A Honda Civic and an 18 wheeler approach a right angle intersection and then collide. After the collision, they become interlocked. If their mass ratios were 1: 4 and their respective speeds as they approached were both 13 m/s, find the magnitude and direction of the final velocity of the wreck. (Please do not worry no one was harmed in making of this question) A. 16.3 m/s at 79° B. 10.7 m/s at 79° C. 12.5 m/s at 59° D. 15.7 m/s at 59°

Answer 1

Answer:

The concept of conservation of momentum is applied in the particular case of collisions.  

The general equation ig given by,

$M_1V_1 + M_2V_2 = (M_1+M_2) * V_f,$

Where,

$M_2 = 4 M_1$

The crash occurs at an intersection so we must separate the two speeds by their respective vector: x, y.
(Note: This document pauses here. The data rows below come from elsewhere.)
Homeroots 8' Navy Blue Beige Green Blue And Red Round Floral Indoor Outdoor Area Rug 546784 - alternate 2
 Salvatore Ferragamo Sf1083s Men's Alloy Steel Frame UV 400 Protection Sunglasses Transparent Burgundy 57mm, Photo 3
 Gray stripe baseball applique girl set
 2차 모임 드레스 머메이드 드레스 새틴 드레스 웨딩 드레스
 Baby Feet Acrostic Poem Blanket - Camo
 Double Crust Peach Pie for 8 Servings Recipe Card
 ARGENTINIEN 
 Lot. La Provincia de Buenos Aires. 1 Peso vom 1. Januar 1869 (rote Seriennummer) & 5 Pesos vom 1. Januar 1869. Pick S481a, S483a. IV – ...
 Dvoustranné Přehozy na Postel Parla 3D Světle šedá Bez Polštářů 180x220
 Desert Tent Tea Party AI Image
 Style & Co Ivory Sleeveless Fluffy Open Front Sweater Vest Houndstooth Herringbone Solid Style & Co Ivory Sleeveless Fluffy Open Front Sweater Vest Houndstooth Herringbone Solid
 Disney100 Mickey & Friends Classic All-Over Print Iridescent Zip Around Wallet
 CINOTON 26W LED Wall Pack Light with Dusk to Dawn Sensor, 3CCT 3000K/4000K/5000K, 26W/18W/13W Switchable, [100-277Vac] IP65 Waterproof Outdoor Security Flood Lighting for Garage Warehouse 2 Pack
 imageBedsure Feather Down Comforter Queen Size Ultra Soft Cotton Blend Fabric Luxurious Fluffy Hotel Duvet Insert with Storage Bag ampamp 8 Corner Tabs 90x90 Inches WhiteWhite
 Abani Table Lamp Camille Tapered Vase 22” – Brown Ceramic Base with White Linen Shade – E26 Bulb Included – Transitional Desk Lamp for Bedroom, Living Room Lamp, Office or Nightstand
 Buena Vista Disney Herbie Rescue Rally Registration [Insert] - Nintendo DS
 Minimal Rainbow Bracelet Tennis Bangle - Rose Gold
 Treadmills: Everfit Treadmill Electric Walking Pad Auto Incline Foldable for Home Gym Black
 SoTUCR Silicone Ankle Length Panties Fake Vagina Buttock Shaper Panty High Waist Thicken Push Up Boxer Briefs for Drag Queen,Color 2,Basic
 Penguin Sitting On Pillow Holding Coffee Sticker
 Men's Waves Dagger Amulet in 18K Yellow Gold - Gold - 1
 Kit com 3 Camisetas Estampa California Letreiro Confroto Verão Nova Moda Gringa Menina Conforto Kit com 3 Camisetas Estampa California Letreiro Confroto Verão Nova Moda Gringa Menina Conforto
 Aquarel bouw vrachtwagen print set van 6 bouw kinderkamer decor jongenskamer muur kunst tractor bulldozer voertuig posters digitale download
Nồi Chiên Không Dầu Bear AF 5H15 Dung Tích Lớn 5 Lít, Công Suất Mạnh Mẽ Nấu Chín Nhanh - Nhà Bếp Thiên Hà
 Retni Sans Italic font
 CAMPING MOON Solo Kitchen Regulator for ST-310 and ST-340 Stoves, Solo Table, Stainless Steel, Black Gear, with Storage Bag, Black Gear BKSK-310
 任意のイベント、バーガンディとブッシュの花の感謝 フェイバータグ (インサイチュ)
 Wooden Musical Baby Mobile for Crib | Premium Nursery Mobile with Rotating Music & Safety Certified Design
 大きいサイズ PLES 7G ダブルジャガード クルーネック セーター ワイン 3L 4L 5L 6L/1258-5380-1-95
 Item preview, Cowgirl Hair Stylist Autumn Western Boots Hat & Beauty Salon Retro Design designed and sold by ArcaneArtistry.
In the case of the X axis, we have that the body $M_2$ has a speed = 0, this because it is not the direction in which it travels, therefore

$M_1* 13 = (M_1+M_2) * V_{fx} \\M_1*13 = (M_1+4M_1)*V_{fx}\\M_1*13=5M_1*V_{fx}\\Vx = \frac{13}{5}m/s$

The same analysis must be given for the particular case in the Y direction, where the mass body $M_1$ does not act with its velocity here, therefore:

$M_2* 13 = (M_1+M_2) * V_{fy},\\4*M_1* 13 = 5Ma * V_{fy} ,\\V_{fy} = \frac{52}{5}m/s ,$

We have the two components of a velocity vector given by $V_f = \frac{13}{5}\hat{i} + \frac{52}{5}\hat{j}$

Get the magnitude,

$V_f = \sqrt{(\frac{13}{5})^2+(\frac{52}{5})^2}$

$V_f = 10.72 m/s$

With a direction given by

$Tan^{-1} \frac{4}{1} = 75.96 \°$